As the Times observes, bin Laden has released two new messages in recent days, but they received scant attention:
“…the release of the messages didn't make page one of any major American newspaper, including this one. Seven years have passed since Bush vowed to capture Bin Laden "dead or alive." Is there truly nothing newsworthy in the mastermind of the murder of nearly 3,000 American civilians having no difficulty providing well-timed spin to counter the messages Bush tried to deliver to the Middle East?
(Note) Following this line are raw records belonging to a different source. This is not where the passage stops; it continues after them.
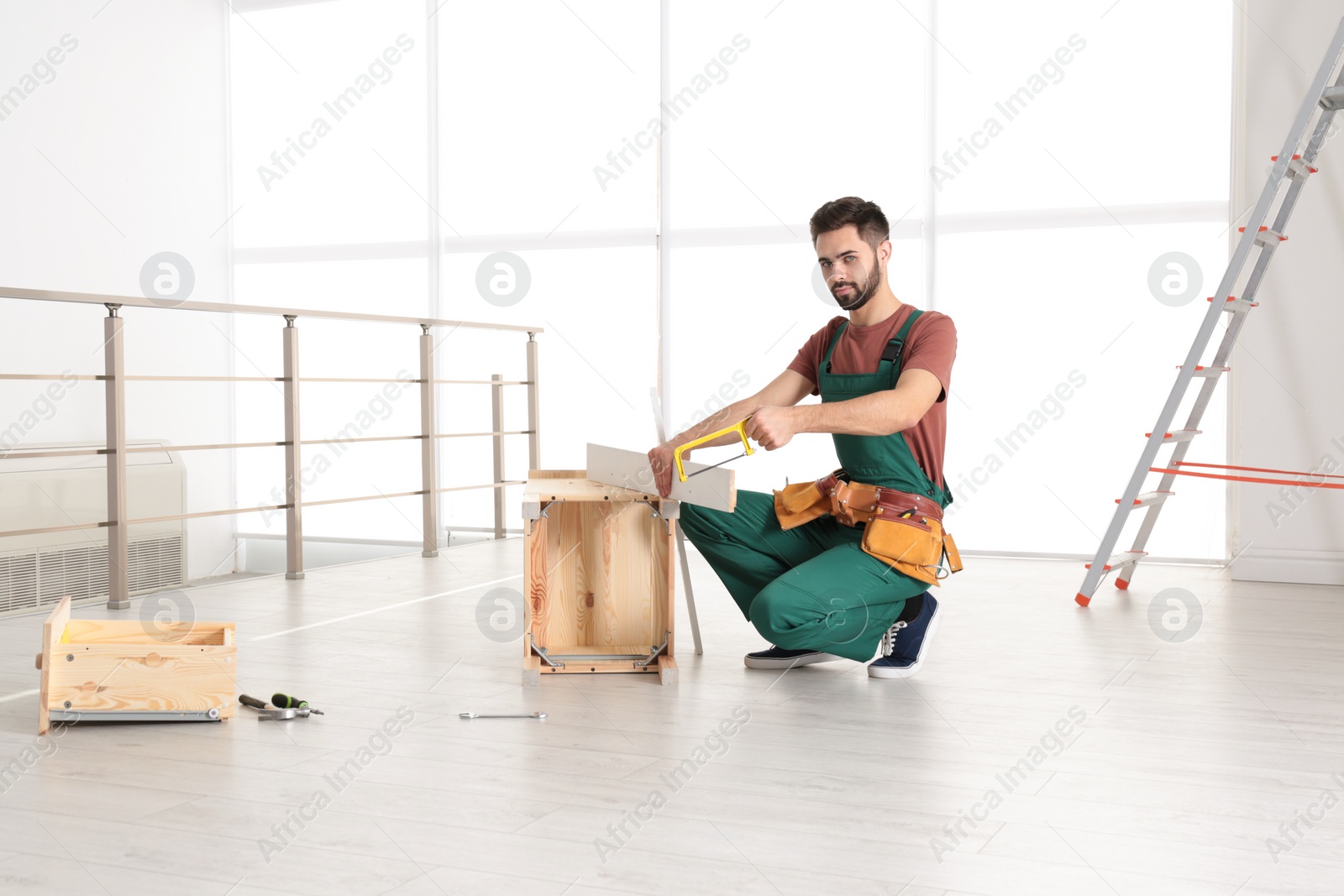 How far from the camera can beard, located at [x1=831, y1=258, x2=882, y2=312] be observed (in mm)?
2502

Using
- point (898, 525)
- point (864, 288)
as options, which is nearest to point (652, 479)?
point (898, 525)

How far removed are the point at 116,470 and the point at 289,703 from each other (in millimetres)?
1649

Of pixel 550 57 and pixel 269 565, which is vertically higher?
pixel 550 57

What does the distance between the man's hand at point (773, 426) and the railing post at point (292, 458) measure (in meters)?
2.36

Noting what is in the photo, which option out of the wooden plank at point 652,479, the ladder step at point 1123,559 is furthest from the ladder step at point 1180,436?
→ the wooden plank at point 652,479

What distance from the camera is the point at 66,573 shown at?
4957 mm

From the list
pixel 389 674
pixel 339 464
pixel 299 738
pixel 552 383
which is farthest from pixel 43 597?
pixel 299 738

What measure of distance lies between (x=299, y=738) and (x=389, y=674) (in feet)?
1.71

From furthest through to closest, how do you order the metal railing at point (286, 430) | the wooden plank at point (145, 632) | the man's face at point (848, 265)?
the metal railing at point (286, 430) → the man's face at point (848, 265) → the wooden plank at point (145, 632)

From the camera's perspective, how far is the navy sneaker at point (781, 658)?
8.56 ft

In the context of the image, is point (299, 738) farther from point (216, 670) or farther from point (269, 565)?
point (269, 565)

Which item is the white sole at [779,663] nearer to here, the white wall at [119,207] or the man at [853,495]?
the man at [853,495]

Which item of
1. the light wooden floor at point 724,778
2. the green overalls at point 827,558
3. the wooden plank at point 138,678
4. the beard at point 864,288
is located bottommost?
the light wooden floor at point 724,778

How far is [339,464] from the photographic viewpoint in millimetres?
6492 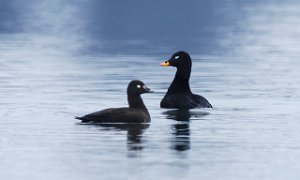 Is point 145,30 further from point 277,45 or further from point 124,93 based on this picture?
point 124,93

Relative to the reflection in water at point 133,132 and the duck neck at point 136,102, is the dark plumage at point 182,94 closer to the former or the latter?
the duck neck at point 136,102

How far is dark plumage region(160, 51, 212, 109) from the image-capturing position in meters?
28.7

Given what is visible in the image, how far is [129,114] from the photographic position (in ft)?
82.2

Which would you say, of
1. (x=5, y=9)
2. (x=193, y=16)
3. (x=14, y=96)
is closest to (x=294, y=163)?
(x=14, y=96)

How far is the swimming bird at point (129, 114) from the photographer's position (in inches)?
974

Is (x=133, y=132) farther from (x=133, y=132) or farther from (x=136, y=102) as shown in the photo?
(x=136, y=102)

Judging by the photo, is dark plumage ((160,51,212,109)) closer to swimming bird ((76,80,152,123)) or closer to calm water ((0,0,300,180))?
calm water ((0,0,300,180))

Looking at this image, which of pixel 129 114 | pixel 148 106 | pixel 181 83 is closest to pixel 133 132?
pixel 129 114

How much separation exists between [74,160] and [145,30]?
190 feet

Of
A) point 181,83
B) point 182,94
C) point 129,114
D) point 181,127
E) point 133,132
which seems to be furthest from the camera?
point 181,83

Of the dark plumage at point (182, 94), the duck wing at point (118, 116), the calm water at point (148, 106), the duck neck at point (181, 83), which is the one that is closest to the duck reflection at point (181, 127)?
the calm water at point (148, 106)

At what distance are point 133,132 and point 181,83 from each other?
605 cm

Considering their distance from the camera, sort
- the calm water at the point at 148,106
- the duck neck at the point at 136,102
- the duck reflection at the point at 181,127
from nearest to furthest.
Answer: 1. the calm water at the point at 148,106
2. the duck reflection at the point at 181,127
3. the duck neck at the point at 136,102

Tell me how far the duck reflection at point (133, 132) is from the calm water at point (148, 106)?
16mm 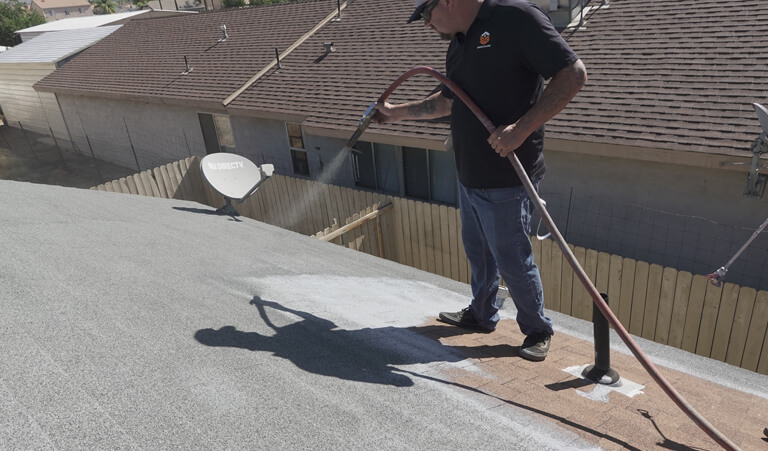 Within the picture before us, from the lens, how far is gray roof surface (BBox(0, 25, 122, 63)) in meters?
21.9

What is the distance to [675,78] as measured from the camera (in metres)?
7.51

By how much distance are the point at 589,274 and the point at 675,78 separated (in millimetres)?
3461

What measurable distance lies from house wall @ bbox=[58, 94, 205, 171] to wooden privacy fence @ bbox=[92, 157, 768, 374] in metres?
5.24

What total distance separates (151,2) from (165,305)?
8327cm

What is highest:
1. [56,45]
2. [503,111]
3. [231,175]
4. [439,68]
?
[503,111]

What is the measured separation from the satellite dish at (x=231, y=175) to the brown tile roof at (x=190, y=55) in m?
5.81

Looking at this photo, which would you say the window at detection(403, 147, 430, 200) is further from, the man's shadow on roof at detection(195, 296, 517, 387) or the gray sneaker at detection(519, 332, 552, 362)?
the gray sneaker at detection(519, 332, 552, 362)

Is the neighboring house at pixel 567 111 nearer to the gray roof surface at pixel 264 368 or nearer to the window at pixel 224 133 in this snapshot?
the window at pixel 224 133

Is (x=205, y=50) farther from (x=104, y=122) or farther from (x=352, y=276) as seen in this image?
(x=352, y=276)

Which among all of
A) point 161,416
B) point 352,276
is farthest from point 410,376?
point 352,276

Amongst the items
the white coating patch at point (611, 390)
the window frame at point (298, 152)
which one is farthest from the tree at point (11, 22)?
the white coating patch at point (611, 390)

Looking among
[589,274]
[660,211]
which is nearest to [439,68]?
[660,211]

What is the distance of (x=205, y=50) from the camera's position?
16375 mm

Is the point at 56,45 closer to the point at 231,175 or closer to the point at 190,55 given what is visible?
the point at 190,55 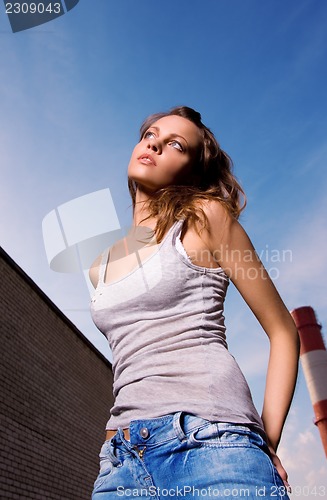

Or have we collectively grown so numb after years of failure in the so-called global war on terror that we have accepted that Bin Laden cannot be found? If so, this is indeed the soft bigotry of low expectations. We delude ourselves if we believe that Bin Laden's survival doesn't matter or that his ideology is in decline. The State Department's latest report on terrorism concludes that Al Qaeda and its affiliates remain the greatest terrorist threat to the United States.
And are Americans truly so familiar with Bin Laden's thinking that we need not pay close attention to what he is saying?
The obvious rebuttal to the Times’ editorial is that the right people are paying attention—namely the men and women of the U.S. military and our intelligence agencies. Since 9-11, they’ve been at the forefront of the war on terror, and while some mistakes have been made, they have been effective at taking the fight to the enemy. True, bin Laden remains at large, but his terror network is a shadow of its former self, particularly in Iraq.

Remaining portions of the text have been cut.